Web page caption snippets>
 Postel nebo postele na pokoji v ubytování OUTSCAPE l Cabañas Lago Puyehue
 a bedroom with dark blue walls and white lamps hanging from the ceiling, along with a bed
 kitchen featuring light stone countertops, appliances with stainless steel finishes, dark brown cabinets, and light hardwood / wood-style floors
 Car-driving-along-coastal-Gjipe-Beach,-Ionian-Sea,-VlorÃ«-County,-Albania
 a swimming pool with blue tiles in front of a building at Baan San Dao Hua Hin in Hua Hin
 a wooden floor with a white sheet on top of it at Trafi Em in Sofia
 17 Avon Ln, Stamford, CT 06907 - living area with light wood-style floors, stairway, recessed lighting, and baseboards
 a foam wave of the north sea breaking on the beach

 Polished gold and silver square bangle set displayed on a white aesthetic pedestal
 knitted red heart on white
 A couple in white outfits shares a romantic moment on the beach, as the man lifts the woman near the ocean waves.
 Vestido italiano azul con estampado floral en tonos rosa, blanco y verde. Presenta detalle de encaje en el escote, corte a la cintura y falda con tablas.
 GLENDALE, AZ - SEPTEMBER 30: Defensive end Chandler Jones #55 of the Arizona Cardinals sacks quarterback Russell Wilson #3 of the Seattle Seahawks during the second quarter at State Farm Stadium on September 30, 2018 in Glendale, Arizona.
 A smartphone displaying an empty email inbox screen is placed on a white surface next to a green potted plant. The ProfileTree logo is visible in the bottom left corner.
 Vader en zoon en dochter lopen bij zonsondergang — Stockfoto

WHAT YOU SHOULD DO>
Top to bottom, the records above must be output exactly.

EXERCISE OUTPUT>
 Postel nebo postele na pokoji v ubytování OUTSCAPE l Cabañas Lago Puyehue
 a bedroom with dark blue walls and white lamps hanging from the ceiling, along with a bed
 kitchen featuring light stone countertops, appliances with stainless steel finishes, dark brown cabinets, and light hardwood / wood-style floors
 Car-driving-along-coastal-Gjipe-Beach,-Ionian-Sea,-VlorÃ«-County,-Albania
 a swimming pool with blue tiles in front of a building at Baan San Dao Hua Hin in Hua Hin
 a wooden floor with a white sheet on top of it at Trafi Em in Sofia
 17 Avon Ln, Stamford, CT 06907 - living area with light wood-style floors, stairway, recessed lighting, and baseboards
 a foam wave of the north sea breaking on the beach

 Polished gold and silver square bangle set displayed on a white aesthetic pedestal
 knitted red heart on white
 A couple in white outfits shares a romantic moment on the beach, as the man lifts the woman near the ocean waves.
 Vestido italiano azul con estampado floral en tonos rosa, blanco y verde. Presenta detalle de encaje en el escote, corte a la cintura y falda con tablas.
 GLENDALE, AZ - SEPTEMBER 30: Defensive end Chandler Jones #55 of the Arizona Cardinals sacks quarterback Russell Wilson #3 of the Seattle Seahawks during the second quarter at State Farm Stadium on September 30, 2018 in Glendale, Arizona.
 A smartphone displaying an empty email inbox screen is placed on a white surface next to a green potted plant. The ProfileTree logo is visible in the bottom left corner.
 Vader en zoon en dochter lopen bij zonsondergang — Stockfoto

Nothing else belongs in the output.